LAURA GUERRERO / Especial para AHORACANADA.COM
Preservando raíces y honrando a la patria, la comunidad uruguaya de Toronto celebra unida la Independencia

TORONTO, 25 de agosto.- Con impecables túnicas blancas y relucientes moñas azules, un grupo de niñas y niños se ordenan ansiosos en el fondo del salón. Los uniformes de la escuela pública uruguaya, traídos a Canadá especialmente para los actos, requieren a veces de retoques para acertar con los talles.
Las túnicas cubren mucho más que la ropa, revisten ilusiones y sirven de escudo para apalear los nervios, efecto inevitable que se delata en sus mejillas que se van tiñendo de rojo a medida que avanzan los pabellones.
Ese grupo de hombres y mujeres en miniatura, de entre 4 a 12 años, representa la mayor excusa y la máxima obligación para reunirse y preservar las raíces. Es precisamente por ellos, y por la importancia de la fecha, que las organizaciones de uruguayos en la zona del gran Toronto se reúnen en la celebración del aniversario de la Independencia.
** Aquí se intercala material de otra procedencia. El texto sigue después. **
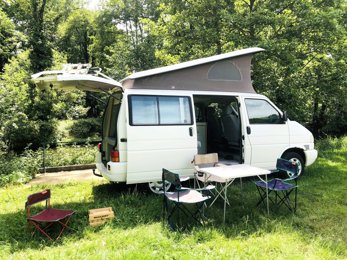 Furgoneta camper Westfalia California Coach En alquiler en Muel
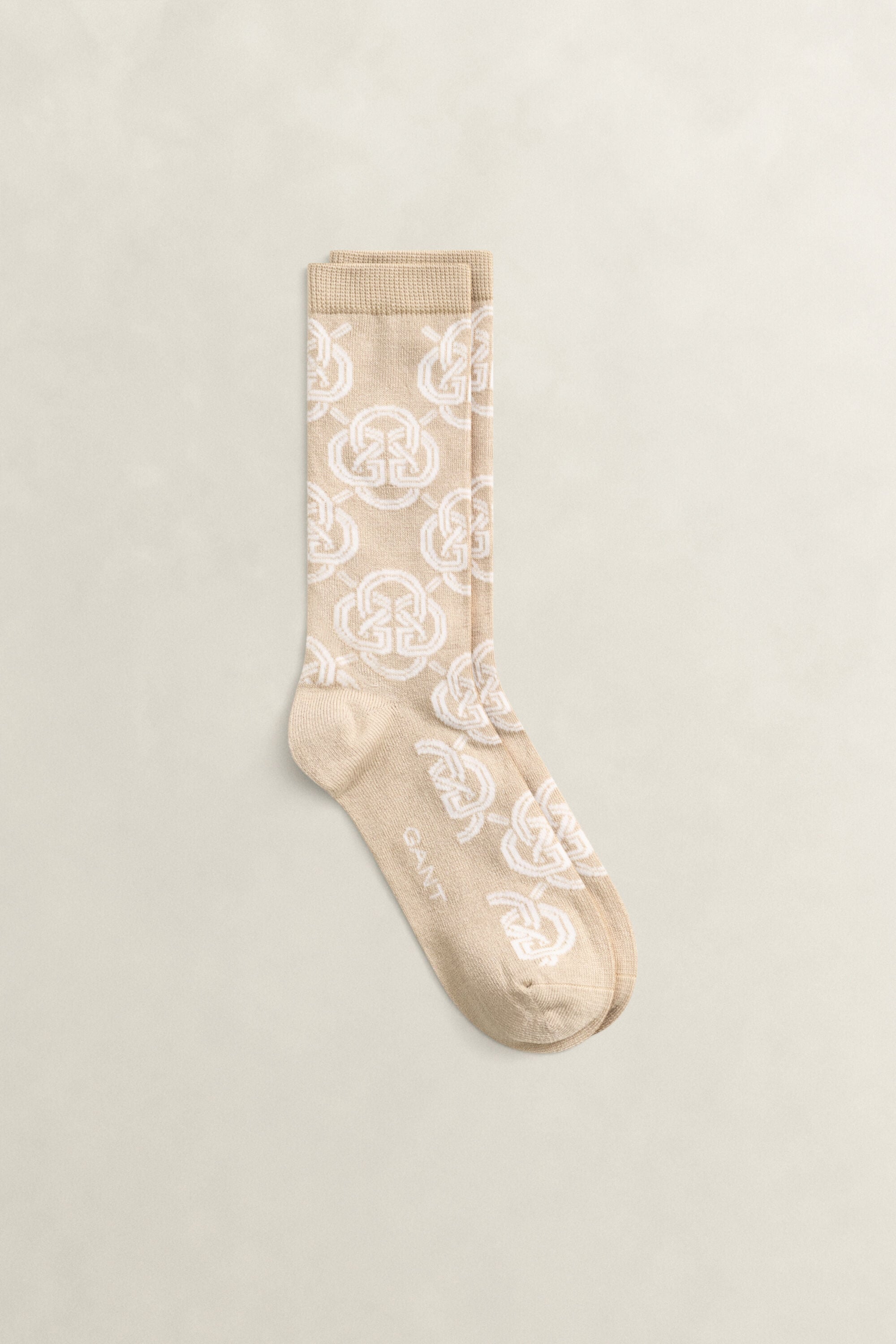 Monogram Socks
El Consulado General, junto el Consejo Consultivo, El Club Uruguay y los grupos solidarios Ibiray y Mano con Mano organizan en conjunto la mayor fiesta patria que celebra la diáspora.
En medio de juegos y mucha conversación, los niños se concentran a ratos en un espectáculo que acapara la atención de los mayores, y recorre las expresiones más típicas de la música uruguaya: folklore en la voz y guitarra de Eduardo Daniel Saraiba, tango en la carismática presentación de Elbio Fernández y el Pericón Nacional y danza típica uruguaya, presentada por el grupo Mate Amargo.
Algunos de los escolares vuelven al camarín y regresan a escena con otra vestimenta y con tambores casi de su tamaño, integrando la comparsa Fantasía Oriental. Los mayores, a su vez, se reúnen en "tambores uruguayos", una comparsa conformada especialmente para la ocasión.
Es el momento del protagonismo de los mayores. Viajando con la música a sus décadas más jóvenes, bailan aludiendo a la "Noche de la Nostalgia", fiesta ya tradicional en Uruguay en vísperas del 25 de Agosto. Y es ese gran baile de "grandes" el que da fin a la noche uruguaya en Toronto.